For our ED calculator, to be able to compute the superfluid density, we also consider a boundary phase twist. This yields the following Hamiltonian:

\[ H = -\frac{J}{2} \sum_{i=1}^{N} \sum_{r=1}^{(N-1)/2} J_{i,j} \left( e^{r \theta} S_i^+ S_{i+r}^- + e^{-r \theta} S_i^- S_{i+r}^+ \right) \]

Here, we have restricted ourselves to the case of odd \(N\) for simplicity. The case for even \(N\) can be constructed analogously. Moreover, the above form can be obtained for open as well as periodic boundaries in the presence of long range interactions. However, a boundary phase twist would not necessarily be well-defined with open boundaries in the context of superfluidity.

Note that the dimensions of the associated matrix are \(2^N \times 2^N\).

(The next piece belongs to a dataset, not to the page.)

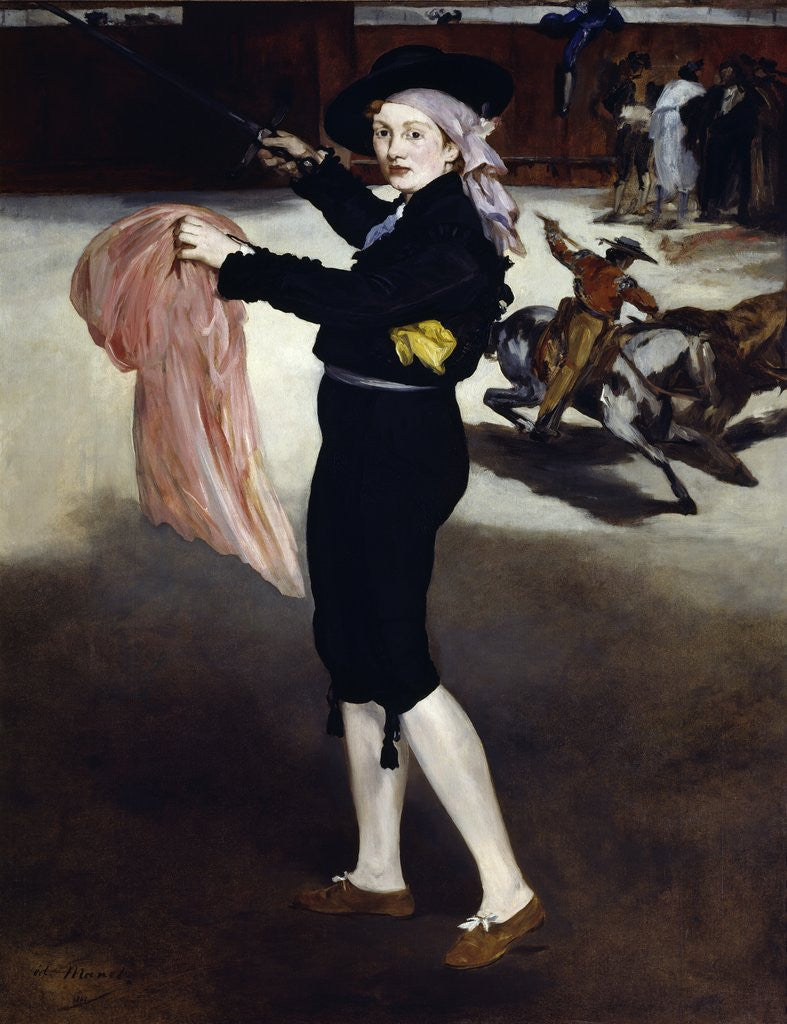 Detail of Mademoiselle Victorine in the Costume of an Espada by Edouard Manet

However, for a given product state (row of the matrix) in the \(S_z\) basis (which is the representation we will use), only \(\mathcal{O}(N^2)\) terms have a non-zero overlap. We can use this to prevent iterating over \(2^N\) bitstrings twice (once for columns and once for rows, as would be required for a dense matrix).

In practice, this can be done by iterating over all the \(2^N\) columns (hence the exponential scaling with system size). Each column number \(k\) admits a binary representation with \(N\) bits. Therefore, we can identify \(k \rightarrow |\sigma_1,...,\sigma_N \rangle\). Then, because our off-diagonal terms correspond to flipping a pair of opposite spins, we only get a non-zero matrix element if the row \(l \rightarrow |\gamma_1,...,\gamma_N \rangle\) is such that \(\gamma_t = \sigma_t\) for all \(t \in \{1,...,N\}\) except for a single pair of indices, \(t_1, t_2 \in \{1,...,N\}\) with \(\sigma_{t_1} \neq \sigma_{t_2}\).

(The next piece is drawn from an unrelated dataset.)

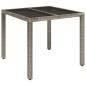 vidaXL 5-tlg. Garten-Essgruppe mit Kissen Grau Poly Rattan vidaXL 5-tlg. Garten-Essgruppe mit Kissen Grau Poly Rattan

To isolate all rows with a non-zero overlap, given a column, we can use bit-wise operations. We proceed by iterating over all sites \(i\) and all distances \(r\) in the lattice. This allows us to construct all pairs of sites \((i,j)\). Then, representing the column number \(k\) in binary, we can isolate the bits in \(k\) corresponding to sites \(i\) and \(j\) via a bitwise arithmetic shift to the right by \(i\) and \(j\) respectively. If the resulting bits \(\sigma_i, \sigma_j\) are opposite relative to one another, the XY term contributes a non-zero element. The following code block exhibits this construction:

σi = (k >> i) & 1
σj = (k >> j) & 1
mask = (σi == σj) ? 0 : 1
non_zero_element = -0.5 * J * mask * exp((σj - σi) * r * theta * 1im)

The first two lines in the above block isolate the bits \(\sigma_i, \sigma_j\) by performing a bitwise AND operation with \(1\) after the shift discussed above. The mask determines if the spins are flipped relative to each other. The row number associated with this matrix element can also be determined via bitwise operations similarly. Representing the column number \(k\) as a bitstring, the corresponding row number bitstring can be obtained by performing a bitwise XOR operation with the bitstrings \([2^i]\) and \([2^j]\). These strings have a \(1\) at location \(i\) and \(j\) respectively, and \(0\) at all other \(N-1\) locations. The row number \(b\) can be obtained in Julia via the following code using this approach:

b = k ⊻ 2^i ⊻ 2^j

The bitstring associated with \(b\) now is the same bitstring as \(k\) except for the \(i\) and \(j\) positions which are flipped relative to the bitstring corresponding to \(k\). To construct the diagonal entries, we can similarly use bitwise operations to map bits to the eigenvalues of \(S_z\). Since those are diagonal, no row index needs to be constructed to record those in the Hamiltonian. Diagonalization of the resulting Hamiltonian is done via the native LinearAlgebra library in Julia.